I feel puzzled about Q1. If we replace nn.MSELoss(reduction='sum') with nn.MSELoss() and we want the code to behave identically, I think we need to replace ‘lr’ with ‘lr/batch_size’. However, the result seems different. Can anyone tell me what’s wrong here?

dliden · September 20, 2020, 11:04pm

I had the same intuition and ran into the same issues on Q1. The question for the MXNET implementation suggested to me that that approach (dividing by batch size) might be correct, but I’ve had no luck so far finding a learning rate that produces results even close to those obtained using the default reduction (mean).

MXNET question, for reference:

If we replace l = loss(output, y) with l = loss(output, y).mean() , we need to change trainer.step(batch_size) to trainer.step(1) for the code to behave identically. Why?
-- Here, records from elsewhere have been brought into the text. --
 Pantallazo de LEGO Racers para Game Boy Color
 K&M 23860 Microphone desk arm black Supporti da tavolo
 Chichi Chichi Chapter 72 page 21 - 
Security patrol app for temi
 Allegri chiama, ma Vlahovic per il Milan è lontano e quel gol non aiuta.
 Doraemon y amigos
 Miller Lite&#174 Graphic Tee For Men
edit to updated with further progress
I wasn’t paying enough attention to the code. Dividing the step size by 10 doesn’t account for the fact that the loss that’s actually printed incorporates all 1000 observations. So I was consistently off by a factor of 1000 by not dividing loss(net(features), labels) by 1000 when using sum and comparing to the loss using mean. After incorporating this change, dividing the learning rate by the batch size had the desired results (or at least the same order of magnitude; I haven’t made a single version of this working on exactly the same data as I’m still pretty uncertain about automatic differentiation).

So my big question now is: am I still missing something big? I was unable to find a way get the same output using mean and sum reduction changing only the learning rate. Is there a way to do so? I experimented with many different values and was unable to find a way.
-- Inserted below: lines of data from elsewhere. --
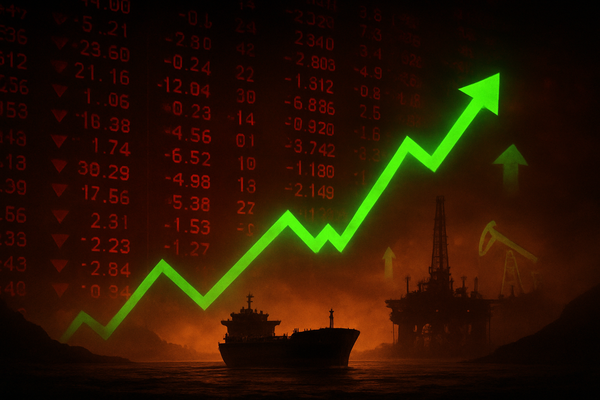 Energy Standalone: Geopolitical Shocks Drive XOM and OXY Higher as Markets Recede
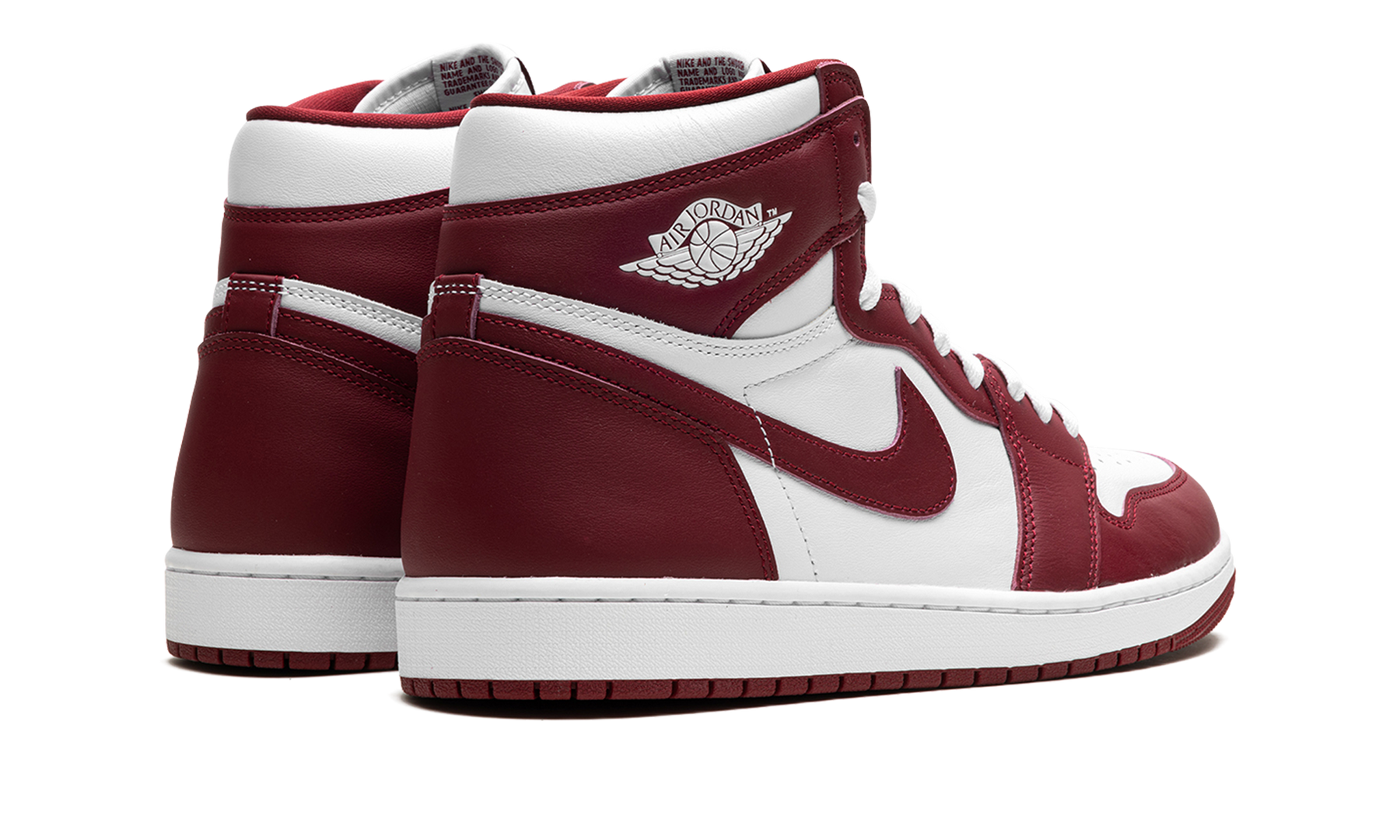 Air Jordan 1 Retro High OG Team Red DZ5485 160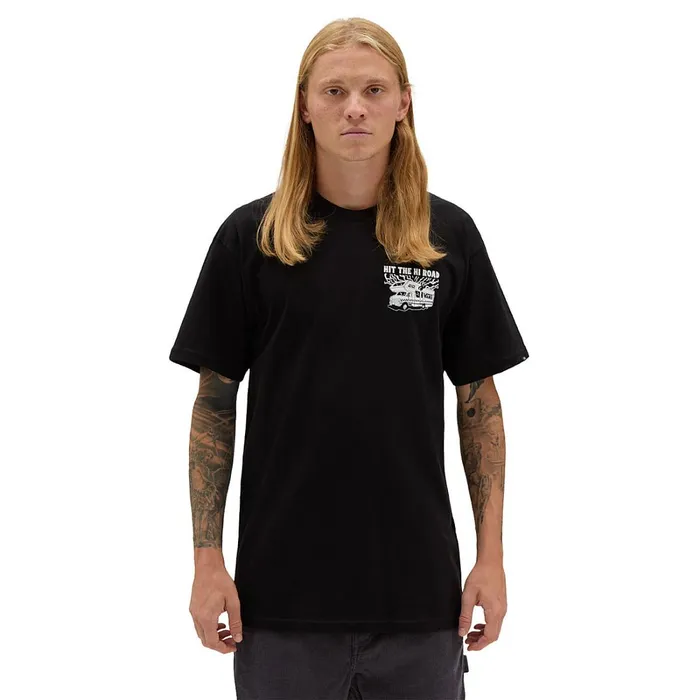 Vans Tshirts and Tanks Men Hi Road RV TShirt Black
Another edit with more testing

I ran the comparison after setting a random seed and was able to obtain identical (not just same order of magnitude) results with reduction='sum' by dividing the learning rate by the batch size and by changing the per-epoch loss calculation to l = loss(net(features), labels)/1000.

The results were not identical when I changed the learning rate to any other value. So I’ve mostly convinced myself that this approach is correct, and it makes intuitive sense to me. But I do think the question implied this could be solved by changing only the learning rate, so I still wonder if I’m missing something there.